Scraped caption text data:
——
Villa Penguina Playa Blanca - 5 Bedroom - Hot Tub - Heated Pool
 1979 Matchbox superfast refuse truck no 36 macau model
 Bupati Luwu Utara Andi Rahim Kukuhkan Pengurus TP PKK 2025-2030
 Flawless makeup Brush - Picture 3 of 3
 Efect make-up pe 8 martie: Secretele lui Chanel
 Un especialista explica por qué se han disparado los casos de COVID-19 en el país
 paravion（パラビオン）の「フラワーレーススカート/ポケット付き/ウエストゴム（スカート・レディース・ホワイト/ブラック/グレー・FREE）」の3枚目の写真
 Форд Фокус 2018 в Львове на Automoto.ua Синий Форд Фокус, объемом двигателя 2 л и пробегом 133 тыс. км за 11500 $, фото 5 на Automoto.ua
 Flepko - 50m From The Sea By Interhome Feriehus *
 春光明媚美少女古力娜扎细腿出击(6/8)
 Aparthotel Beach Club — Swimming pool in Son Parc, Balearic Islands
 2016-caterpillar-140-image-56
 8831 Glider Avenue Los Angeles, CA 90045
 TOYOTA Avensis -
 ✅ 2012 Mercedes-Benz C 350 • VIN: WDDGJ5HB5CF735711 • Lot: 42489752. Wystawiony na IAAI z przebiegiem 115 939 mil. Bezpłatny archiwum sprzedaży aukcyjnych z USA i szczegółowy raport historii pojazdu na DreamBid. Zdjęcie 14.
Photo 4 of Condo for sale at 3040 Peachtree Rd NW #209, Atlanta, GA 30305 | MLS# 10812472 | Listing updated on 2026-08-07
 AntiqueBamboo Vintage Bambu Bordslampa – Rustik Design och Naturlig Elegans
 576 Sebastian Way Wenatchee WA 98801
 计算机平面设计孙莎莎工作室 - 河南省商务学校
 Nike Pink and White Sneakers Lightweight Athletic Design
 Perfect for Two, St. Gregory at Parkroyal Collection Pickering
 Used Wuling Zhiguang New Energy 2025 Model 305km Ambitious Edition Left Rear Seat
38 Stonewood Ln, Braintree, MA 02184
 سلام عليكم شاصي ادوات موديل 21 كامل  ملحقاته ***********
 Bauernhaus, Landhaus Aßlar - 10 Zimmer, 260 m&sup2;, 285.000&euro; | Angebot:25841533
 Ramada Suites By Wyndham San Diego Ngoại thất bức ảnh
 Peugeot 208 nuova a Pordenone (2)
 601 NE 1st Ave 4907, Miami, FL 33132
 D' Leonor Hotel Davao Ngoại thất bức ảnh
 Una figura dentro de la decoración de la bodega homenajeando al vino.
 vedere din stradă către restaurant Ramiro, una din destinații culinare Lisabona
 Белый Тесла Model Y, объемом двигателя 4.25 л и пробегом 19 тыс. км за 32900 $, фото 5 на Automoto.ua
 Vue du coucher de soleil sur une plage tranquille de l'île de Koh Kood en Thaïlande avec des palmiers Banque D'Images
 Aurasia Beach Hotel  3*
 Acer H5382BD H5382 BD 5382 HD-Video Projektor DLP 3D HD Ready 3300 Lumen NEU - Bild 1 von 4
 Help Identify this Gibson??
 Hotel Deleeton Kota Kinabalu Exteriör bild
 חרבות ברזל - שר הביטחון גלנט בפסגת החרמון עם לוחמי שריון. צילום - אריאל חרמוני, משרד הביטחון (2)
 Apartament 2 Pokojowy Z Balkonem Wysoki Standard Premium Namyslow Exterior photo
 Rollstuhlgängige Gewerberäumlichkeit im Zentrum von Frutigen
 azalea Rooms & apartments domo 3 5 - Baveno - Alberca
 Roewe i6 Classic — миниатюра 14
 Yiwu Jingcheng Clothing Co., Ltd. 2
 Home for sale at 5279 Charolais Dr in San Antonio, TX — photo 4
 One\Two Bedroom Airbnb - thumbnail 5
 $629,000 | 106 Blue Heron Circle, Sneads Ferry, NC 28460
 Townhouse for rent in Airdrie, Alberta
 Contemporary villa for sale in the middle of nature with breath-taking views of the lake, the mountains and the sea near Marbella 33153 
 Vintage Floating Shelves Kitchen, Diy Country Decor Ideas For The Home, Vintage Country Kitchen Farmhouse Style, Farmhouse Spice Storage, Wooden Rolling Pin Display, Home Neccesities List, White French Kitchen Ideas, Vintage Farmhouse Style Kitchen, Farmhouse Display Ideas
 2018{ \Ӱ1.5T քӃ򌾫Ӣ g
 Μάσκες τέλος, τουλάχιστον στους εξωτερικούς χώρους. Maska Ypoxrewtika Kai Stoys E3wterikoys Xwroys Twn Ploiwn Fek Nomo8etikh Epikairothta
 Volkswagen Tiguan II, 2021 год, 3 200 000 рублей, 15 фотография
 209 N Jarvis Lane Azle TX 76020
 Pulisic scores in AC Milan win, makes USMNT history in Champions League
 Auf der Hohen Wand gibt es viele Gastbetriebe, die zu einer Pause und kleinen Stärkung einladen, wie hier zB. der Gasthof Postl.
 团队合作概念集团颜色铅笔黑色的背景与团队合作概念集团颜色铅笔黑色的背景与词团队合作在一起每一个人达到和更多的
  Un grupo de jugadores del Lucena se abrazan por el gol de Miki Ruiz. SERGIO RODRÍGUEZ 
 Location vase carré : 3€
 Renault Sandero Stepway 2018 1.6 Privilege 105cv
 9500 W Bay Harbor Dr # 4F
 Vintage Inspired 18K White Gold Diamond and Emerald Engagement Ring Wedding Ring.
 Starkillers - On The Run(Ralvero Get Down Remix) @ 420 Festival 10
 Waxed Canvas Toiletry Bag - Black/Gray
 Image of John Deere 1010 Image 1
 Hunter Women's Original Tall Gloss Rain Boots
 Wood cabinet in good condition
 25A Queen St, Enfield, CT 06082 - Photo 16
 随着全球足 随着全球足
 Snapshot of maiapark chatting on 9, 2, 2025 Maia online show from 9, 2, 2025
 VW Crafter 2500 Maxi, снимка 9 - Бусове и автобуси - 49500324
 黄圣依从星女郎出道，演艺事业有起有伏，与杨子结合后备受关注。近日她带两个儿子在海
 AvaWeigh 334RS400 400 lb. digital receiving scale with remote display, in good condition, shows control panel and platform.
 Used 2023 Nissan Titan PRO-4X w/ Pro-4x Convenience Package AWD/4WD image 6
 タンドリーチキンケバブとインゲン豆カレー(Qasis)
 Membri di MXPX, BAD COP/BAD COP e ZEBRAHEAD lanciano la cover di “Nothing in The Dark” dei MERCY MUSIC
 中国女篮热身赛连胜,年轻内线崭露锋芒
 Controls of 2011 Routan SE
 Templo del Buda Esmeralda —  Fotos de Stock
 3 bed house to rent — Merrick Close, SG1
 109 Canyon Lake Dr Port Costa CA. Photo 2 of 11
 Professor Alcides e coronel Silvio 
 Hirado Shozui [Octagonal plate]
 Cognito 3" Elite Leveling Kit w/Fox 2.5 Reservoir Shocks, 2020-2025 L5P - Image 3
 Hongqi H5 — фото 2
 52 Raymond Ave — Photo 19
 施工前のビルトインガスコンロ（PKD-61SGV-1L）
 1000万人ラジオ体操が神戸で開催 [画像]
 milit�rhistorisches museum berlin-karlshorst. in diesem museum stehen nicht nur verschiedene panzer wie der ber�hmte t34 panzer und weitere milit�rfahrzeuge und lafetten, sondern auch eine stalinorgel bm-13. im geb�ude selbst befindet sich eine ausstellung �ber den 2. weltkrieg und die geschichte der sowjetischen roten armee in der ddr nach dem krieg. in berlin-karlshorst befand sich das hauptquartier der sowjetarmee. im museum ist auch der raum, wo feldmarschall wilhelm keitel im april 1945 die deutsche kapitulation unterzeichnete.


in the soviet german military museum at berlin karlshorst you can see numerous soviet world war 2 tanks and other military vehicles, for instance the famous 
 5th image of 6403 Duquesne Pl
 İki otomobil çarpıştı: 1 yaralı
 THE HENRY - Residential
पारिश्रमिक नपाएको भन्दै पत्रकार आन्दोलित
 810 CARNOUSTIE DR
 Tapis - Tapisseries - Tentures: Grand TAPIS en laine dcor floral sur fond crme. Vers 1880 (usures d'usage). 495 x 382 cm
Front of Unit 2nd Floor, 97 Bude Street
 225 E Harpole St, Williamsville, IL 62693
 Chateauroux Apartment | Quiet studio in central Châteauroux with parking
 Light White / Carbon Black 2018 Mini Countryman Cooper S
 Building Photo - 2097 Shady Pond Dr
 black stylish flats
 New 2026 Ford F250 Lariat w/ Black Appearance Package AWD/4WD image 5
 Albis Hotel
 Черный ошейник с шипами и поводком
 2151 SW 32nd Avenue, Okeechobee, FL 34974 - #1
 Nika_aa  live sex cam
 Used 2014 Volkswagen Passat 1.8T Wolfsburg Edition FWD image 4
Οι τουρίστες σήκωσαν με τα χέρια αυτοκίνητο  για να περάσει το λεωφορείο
——
DIRECTIONS FOR THIS TASK
Look back at the entries above. Retype the line with "601 NE 1st Ave 4907, Miami, FL 33132", the line with "Rollstuhlgängige Gewerberäumlichkeit im", and all lines in between.

RESPONSE AREA
 601 NE 1st Ave 4907, Miami, FL 33132
 D' Leonor Hotel Davao Ngoại thất bức ảnh
 Una figura dentro de la decoración de la bodega homenajeando al vino.
 vedere din stradă către restaurant Ramiro, una din destinații culinare Lisabona
 Белый Тесла Model Y, объемом двигателя 4.25 л и пробегом 19 тыс. км за 32900 $, фото 5 на Automoto.ua
 Vue du coucher de soleil sur une plage tranquille de l'île de Koh Kood en Thaïlande avec des palmiers Banque D'Images
 Aurasia Beach Hotel  3*
 Acer H5382BD H5382 BD 5382 HD-Video Projektor DLP 3D HD Ready 3300 Lumen NEU - Bild 1 von 4
 Help Identify this Gibson??
 Hotel Deleeton Kota Kinabalu Exteriör bild
 חרבות ברזל - שר הביטחון גלנט בפסגת החרמון עם לוחמי שריון. צילום - אריאל חרמוני, משרד הביטחון (2)
 Apartament 2 Pokojowy Z Balkonem Wysoki Standard Premium Namyslow Exterior photo
 Rollstuhlgängige Gewerberäumlichkeit im Zentrum von Frutigen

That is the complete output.